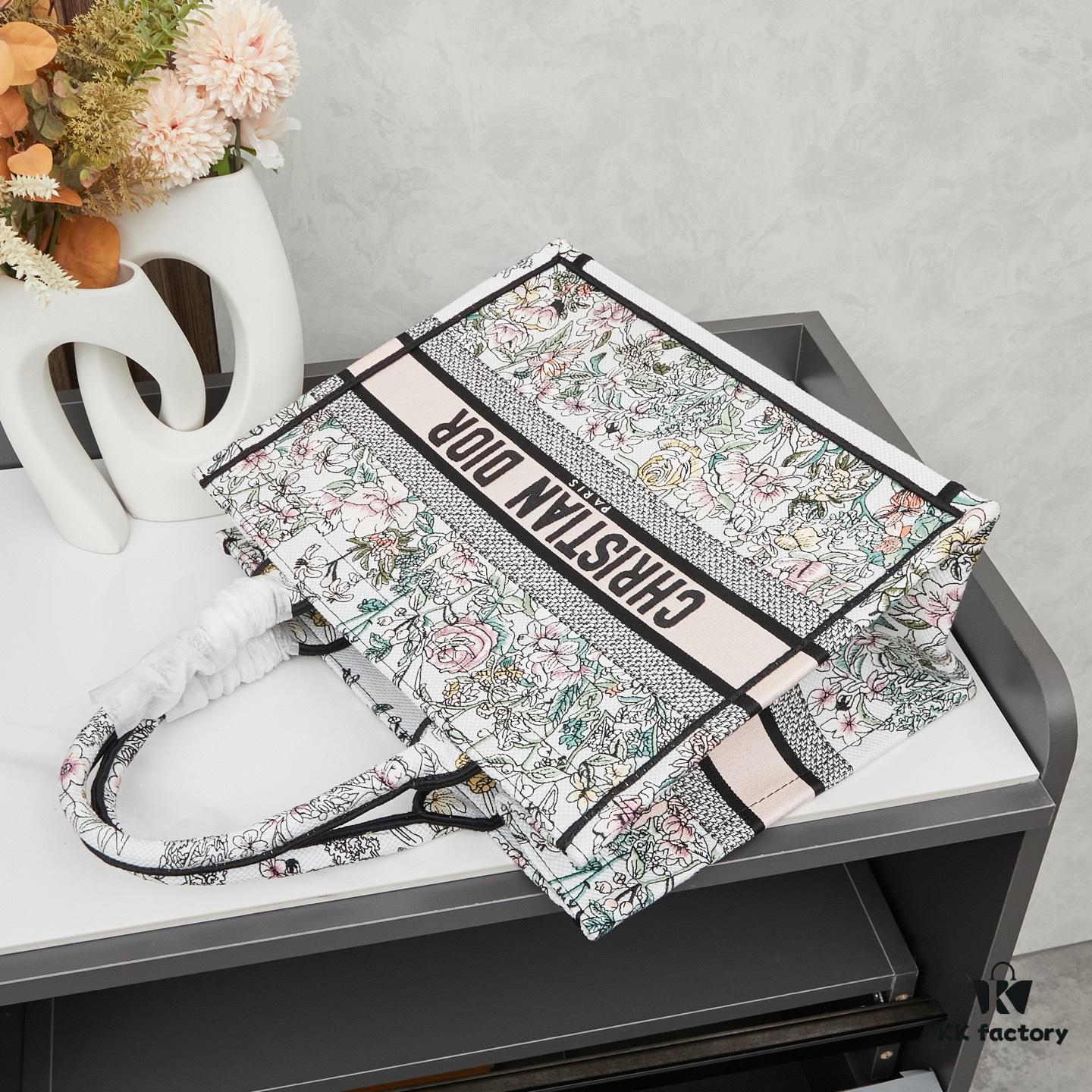 Original Order Embroidered Medium [Di0r Book Tote]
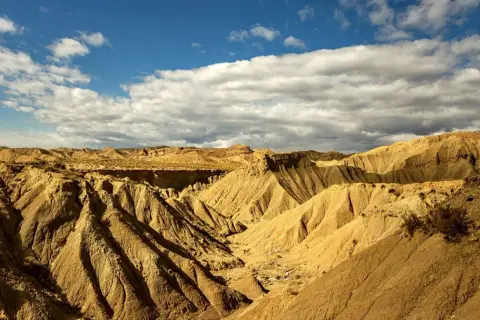 Paisaje árido y erosionado del desierto de Tabernas, escenario de innumerables películas del Oeste.
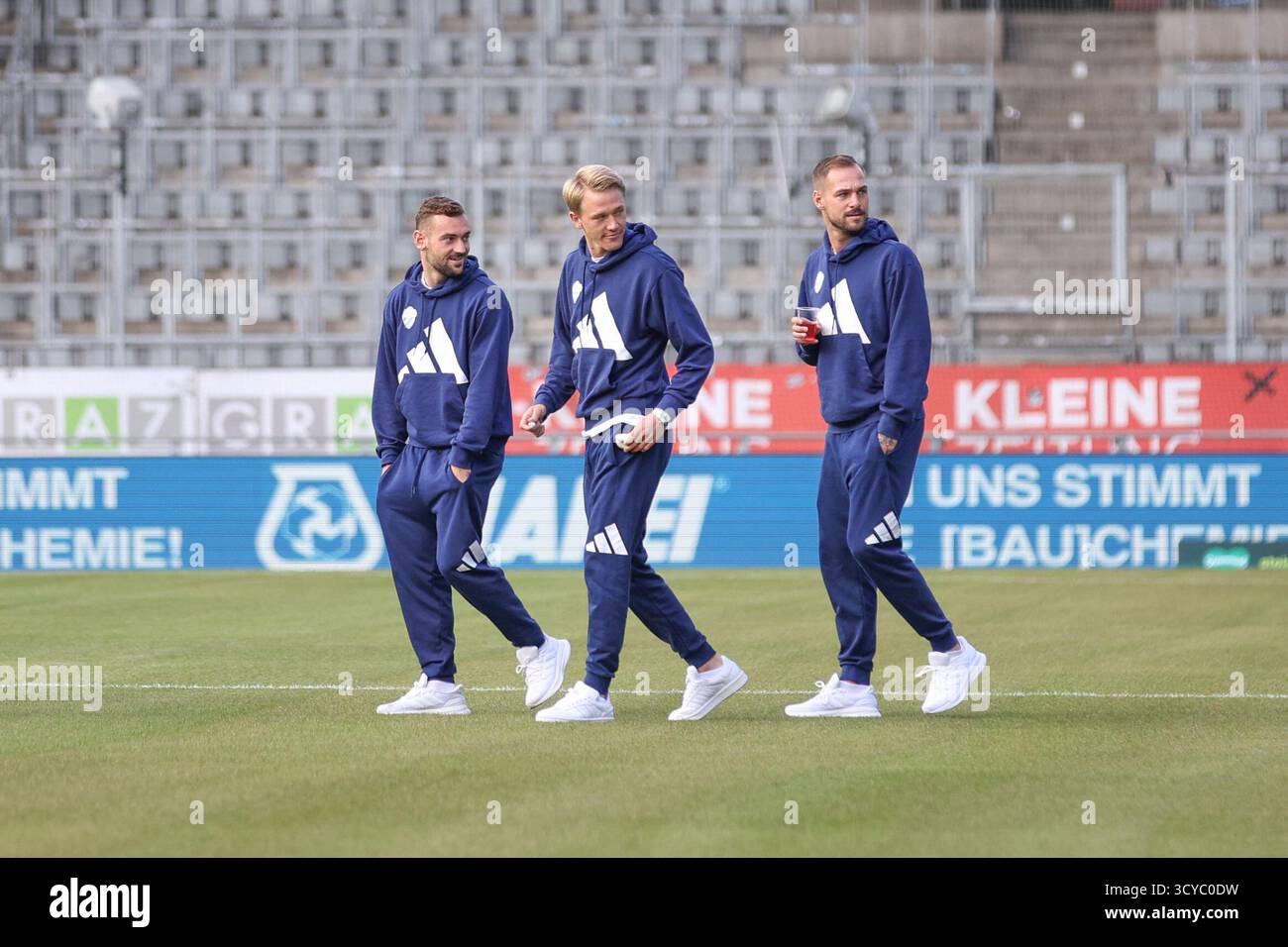 Österreichisches Bundesliga-Fußballspiel zwischen Grazer AK 1902 und TSV Hartberg. Intensive Action, Emotionen und Teamwork auf dem Platz in Graz. Ein aufregendes Spiel mit österreichischen Fußballtalenten, leidenschaftlichen Fans und aufregenden Momenten unter den Lichtern des Stadions. Stockfoto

* _INSTRUCTIONS TO FOLLOW_
Line by line, output the material above exactly, passing over the pictures.

* _SOLUTION TO THIS TASK_
 Original Order Embroidered Medium [Di0r Book Tote]
 Paisaje árido y erosionado del desierto de Tabernas, escenario de innumerables películas del Oeste.
 Österreichisches Bundesliga-Fußballspiel zwischen Grazer AK 1902 und TSV Hartberg. Intensive Action, Emotionen und Teamwork auf dem Platz in Graz. Ein aufregendes Spiel mit österreichischen Fußballtalenten, leidenschaftlichen Fans und aufregenden Momenten unter den Lichtern des Stadions. Stockfoto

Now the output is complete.